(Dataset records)
((
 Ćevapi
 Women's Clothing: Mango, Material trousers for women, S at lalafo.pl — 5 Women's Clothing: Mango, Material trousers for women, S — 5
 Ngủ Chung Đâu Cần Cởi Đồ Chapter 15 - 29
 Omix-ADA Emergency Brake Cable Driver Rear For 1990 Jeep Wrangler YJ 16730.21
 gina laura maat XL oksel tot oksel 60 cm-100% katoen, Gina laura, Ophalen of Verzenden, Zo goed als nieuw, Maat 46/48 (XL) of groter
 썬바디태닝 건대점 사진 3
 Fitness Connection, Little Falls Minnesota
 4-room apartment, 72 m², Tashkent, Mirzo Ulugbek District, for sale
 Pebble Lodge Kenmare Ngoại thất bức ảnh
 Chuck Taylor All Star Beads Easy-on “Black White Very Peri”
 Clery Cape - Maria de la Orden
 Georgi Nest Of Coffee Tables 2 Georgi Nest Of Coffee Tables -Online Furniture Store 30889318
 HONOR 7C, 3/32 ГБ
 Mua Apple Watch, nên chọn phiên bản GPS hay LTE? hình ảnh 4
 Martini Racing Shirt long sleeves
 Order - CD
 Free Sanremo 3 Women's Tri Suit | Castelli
))
Check the lines above and copy each one that includes "Women".

> **SOLUTION FOR THIS TASK**:
 Women's Clothing: Mango, Material trousers for women, S at lalafo.pl — 5 Women's Clothing: Mango, Material trousers for women, S — 5
 Free Sanremo 3 Women's Tri Suit | Castelli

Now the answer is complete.